» **SUPPLIED DATA**:

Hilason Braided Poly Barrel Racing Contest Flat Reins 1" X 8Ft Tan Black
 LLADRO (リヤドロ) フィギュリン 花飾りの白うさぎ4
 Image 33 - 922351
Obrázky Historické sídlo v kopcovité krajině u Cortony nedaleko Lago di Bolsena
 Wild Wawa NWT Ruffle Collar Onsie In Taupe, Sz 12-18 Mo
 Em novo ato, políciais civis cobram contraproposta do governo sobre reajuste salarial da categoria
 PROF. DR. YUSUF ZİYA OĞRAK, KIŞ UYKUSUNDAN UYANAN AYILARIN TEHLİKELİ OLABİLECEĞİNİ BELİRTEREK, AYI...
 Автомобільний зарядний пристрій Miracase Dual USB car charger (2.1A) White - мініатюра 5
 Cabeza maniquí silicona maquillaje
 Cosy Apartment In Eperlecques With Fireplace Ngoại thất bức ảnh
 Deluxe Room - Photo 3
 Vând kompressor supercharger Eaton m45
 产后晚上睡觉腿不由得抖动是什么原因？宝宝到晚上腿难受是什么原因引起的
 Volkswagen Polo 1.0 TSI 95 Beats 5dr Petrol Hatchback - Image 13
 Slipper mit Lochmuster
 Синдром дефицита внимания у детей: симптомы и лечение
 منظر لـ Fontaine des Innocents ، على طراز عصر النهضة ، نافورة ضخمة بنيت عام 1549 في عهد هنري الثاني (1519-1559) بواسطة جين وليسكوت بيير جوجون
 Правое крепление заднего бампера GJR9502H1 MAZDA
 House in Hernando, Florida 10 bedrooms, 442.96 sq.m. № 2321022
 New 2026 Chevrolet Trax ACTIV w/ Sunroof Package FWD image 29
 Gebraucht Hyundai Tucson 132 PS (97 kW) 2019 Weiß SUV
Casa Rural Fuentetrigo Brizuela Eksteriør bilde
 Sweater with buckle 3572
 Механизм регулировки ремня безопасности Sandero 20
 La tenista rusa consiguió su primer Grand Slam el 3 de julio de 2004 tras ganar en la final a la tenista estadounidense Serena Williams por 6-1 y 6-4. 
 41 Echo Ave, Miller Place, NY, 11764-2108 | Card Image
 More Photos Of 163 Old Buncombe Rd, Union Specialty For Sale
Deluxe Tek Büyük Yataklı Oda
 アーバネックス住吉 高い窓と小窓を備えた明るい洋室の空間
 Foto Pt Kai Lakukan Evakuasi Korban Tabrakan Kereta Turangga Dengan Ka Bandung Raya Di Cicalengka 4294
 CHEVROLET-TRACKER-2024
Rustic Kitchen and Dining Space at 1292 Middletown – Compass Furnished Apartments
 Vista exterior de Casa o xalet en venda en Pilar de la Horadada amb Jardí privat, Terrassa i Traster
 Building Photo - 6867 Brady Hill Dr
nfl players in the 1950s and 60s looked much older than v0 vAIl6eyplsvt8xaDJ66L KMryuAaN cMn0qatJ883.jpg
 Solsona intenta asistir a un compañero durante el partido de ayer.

» **EXERCISE GOAL**: Retype all of the material exactly as it stands above.

» **EXPECTED ANSWER**:
Hilason Braided Poly Barrel Racing Contest Flat Reins 1" X 8Ft Tan Black
 LLADRO (リヤドロ) フィギュリン 花飾りの白うさぎ4
 Image 33 - 922351
Obrázky Historické sídlo v kopcovité krajině u Cortony nedaleko Lago di Bolsena
 Wild Wawa NWT Ruffle Collar Onsie In Taupe, Sz 12-18 Mo
 Em novo ato, políciais civis cobram contraproposta do governo sobre reajuste salarial da categoria
 PROF. DR. YUSUF ZİYA OĞRAK, KIŞ UYKUSUNDAN UYANAN AYILARIN TEHLİKELİ OLABİLECEĞİNİ BELİRTEREK, AYI...
 Автомобільний зарядний пристрій Miracase Dual USB car charger (2.1A) White - мініатюра 5
 Cabeza maniquí silicona maquillaje
 Cosy Apartment In Eperlecques With Fireplace Ngoại thất bức ảnh
 Deluxe Room - Photo 3
 Vând kompressor supercharger Eaton m45
 产后晚上睡觉腿不由得抖动是什么原因？宝宝到晚上腿难受是什么原因引起的
 Volkswagen Polo 1.0 TSI 95 Beats 5dr Petrol Hatchback - Image 13
 Slipper mit Lochmuster
 Синдром дефицита внимания у детей: симптомы и лечение
 منظر لـ Fontaine des Innocents ، على طراز عصر النهضة ، نافورة ضخمة بنيت عام 1549 في عهد هنري الثاني (1519-1559) بواسطة جين وليسكوت بيير جوجون
 Правое крепление заднего бампера GJR9502H1 MAZDA
 House in Hernando, Florida 10 bedrooms, 442.96 sq.m. № 2321022
 New 2026 Chevrolet Trax ACTIV w/ Sunroof Package FWD image 29
 Gebraucht Hyundai Tucson 132 PS (97 kW) 2019 Weiß SUV
Casa Rural Fuentetrigo Brizuela Eksteriør bilde
 Sweater with buckle 3572
 Механизм регулировки ремня безопасности Sandero 20
 La tenista rusa consiguió su primer Grand Slam el 3 de julio de 2004 tras ganar en la final a la tenista estadounidense Serena Williams por 6-1 y 6-4. 
 41 Echo Ave, Miller Place, NY, 11764-2108 | Card Image
 More Photos Of 163 Old Buncombe Rd, Union Specialty For Sale
Deluxe Tek Büyük Yataklı Oda
 アーバネックス住吉 高い窓と小窓を備えた明るい洋室の空間
 Foto Pt Kai Lakukan Evakuasi Korban Tabrakan Kereta Turangga Dengan Ka Bandung Raya Di Cicalengka 4294
 CHEVROLET-TRACKER-2024
Rustic Kitchen and Dining Space at 1292 Middletown – Compass Furnished Apartments
 Vista exterior de Casa o xalet en venda en Pilar de la Horadada amb Jardí privat, Terrassa i Traster
 Building Photo - 6867 Brady Hill Dr
nfl players in the 1950s and 60s looked much older than v0 vAIl6eyplsvt8xaDJ66L KMryuAaN cMn0qatJ883.jpg
 Solsona intenta asistir a un compañero durante el partido de ayer.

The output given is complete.